• **Work request**
Reproduce only the lines below from the line containing "11 157-95 KB, Mercedes-Benz" to the line containing "412 Cliffside Dr, Shavano Park", exactly as written, with both end lines kept. Omit the pictures.

BEGIN Supplied records

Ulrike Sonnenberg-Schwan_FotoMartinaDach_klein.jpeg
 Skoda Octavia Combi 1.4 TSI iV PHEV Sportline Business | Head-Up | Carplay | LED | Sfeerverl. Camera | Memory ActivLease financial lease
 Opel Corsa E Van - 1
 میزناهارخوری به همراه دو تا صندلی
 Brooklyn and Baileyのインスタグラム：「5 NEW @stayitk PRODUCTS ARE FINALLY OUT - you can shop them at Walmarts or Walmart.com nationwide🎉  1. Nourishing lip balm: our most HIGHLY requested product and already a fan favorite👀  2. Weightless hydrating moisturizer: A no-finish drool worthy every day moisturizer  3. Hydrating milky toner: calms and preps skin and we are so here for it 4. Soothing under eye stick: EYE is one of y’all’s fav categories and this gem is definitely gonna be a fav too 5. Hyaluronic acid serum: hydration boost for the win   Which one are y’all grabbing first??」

END Supplied records
BEGIN Supplied records

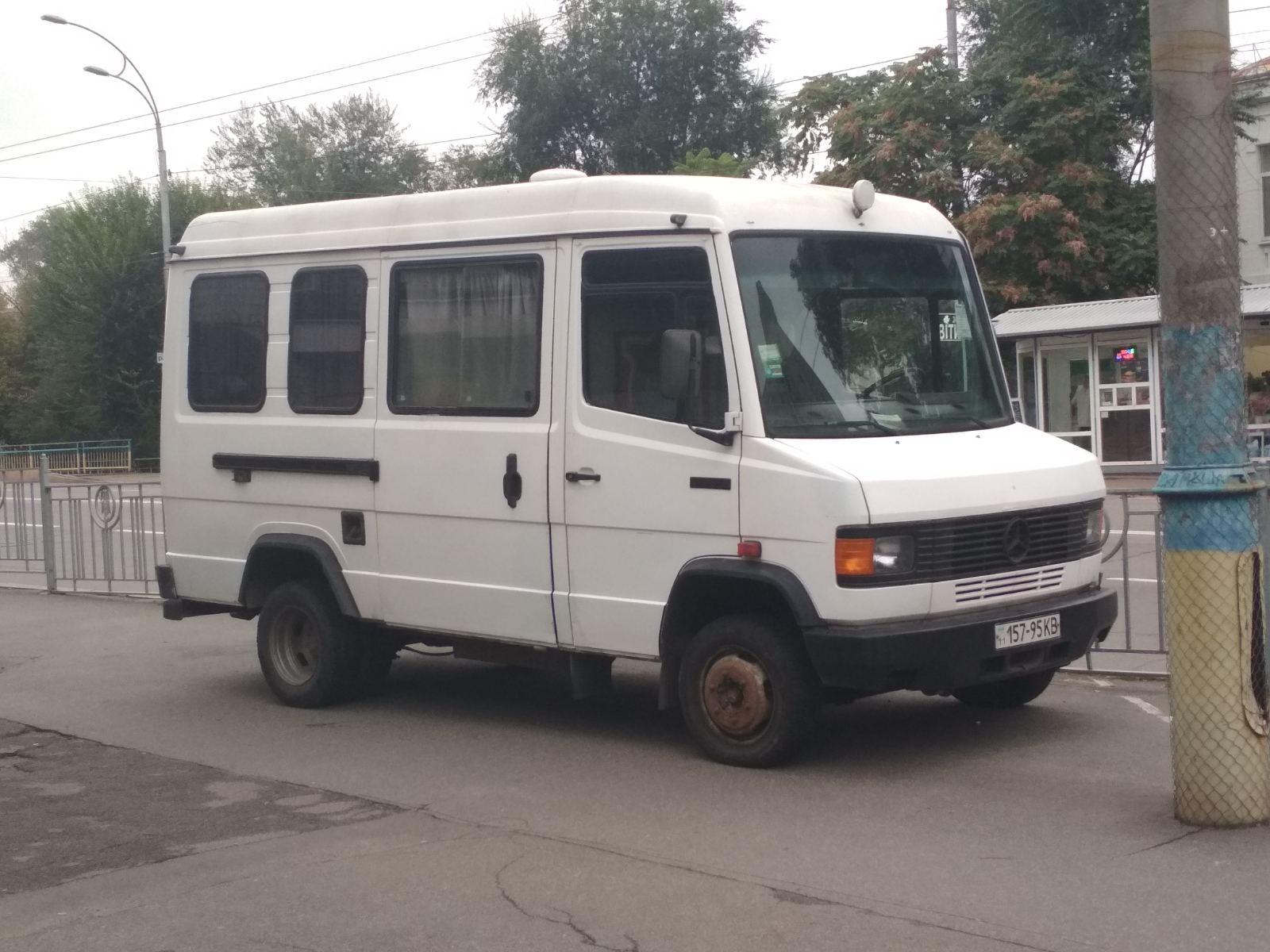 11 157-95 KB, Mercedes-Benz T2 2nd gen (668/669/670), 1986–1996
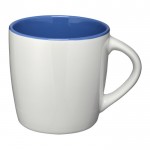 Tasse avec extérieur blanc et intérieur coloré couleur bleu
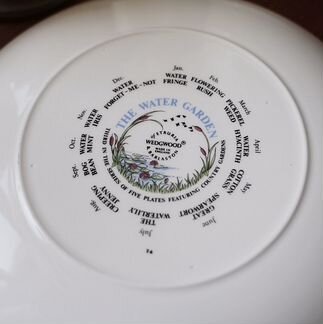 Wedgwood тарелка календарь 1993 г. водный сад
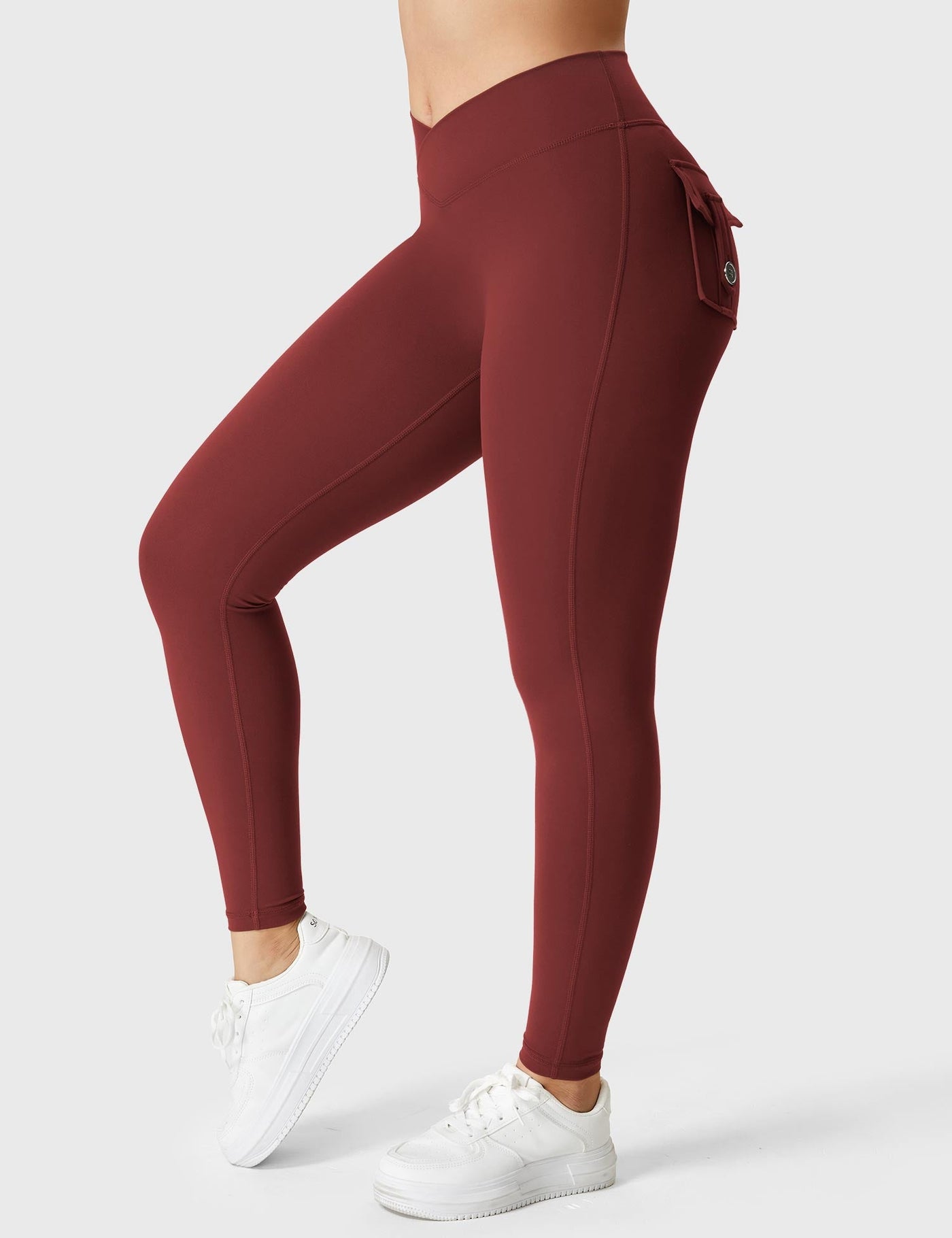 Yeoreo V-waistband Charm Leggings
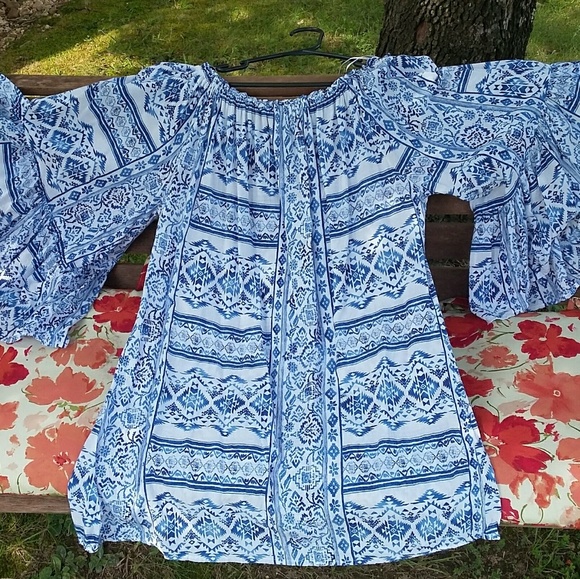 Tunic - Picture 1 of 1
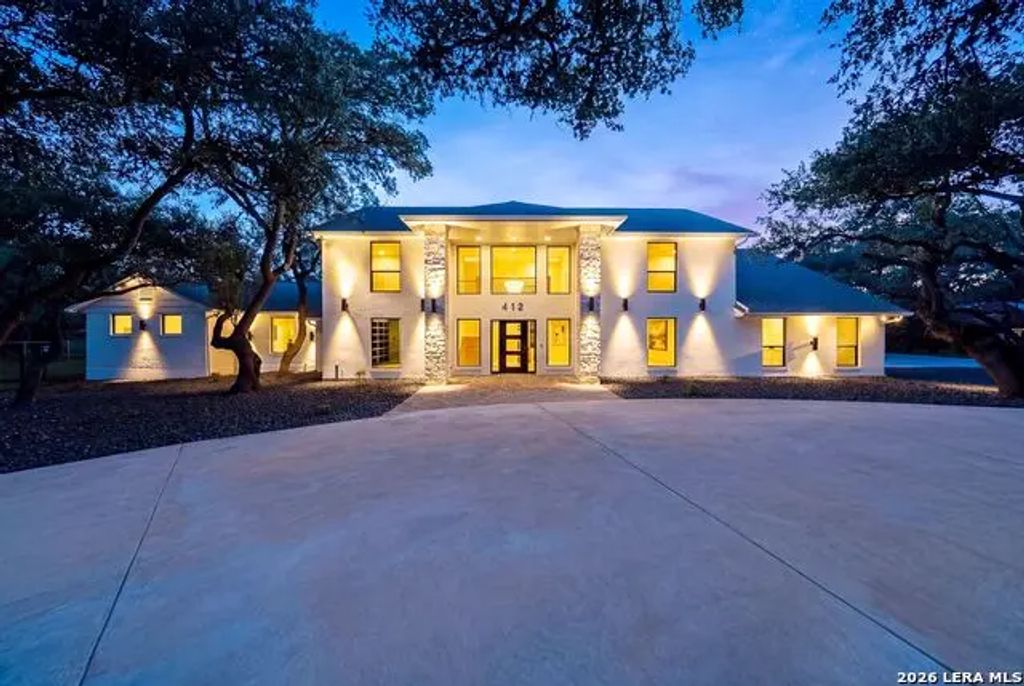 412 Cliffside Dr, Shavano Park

END Supplied records

• **Result for this task**
 11 157-95 KB, Mercedes-Benz T2 2nd gen (668/669/670), 1986–1996
 Tasse avec extérieur blanc et intérieur coloré couleur bleu
 Wedgwood тарелка календарь 1993 г. водный сад
 Yeoreo V-waistband Charm Leggings
 Tunic - Picture 1 of 1
 412 Cliffside Dr, Shavano Park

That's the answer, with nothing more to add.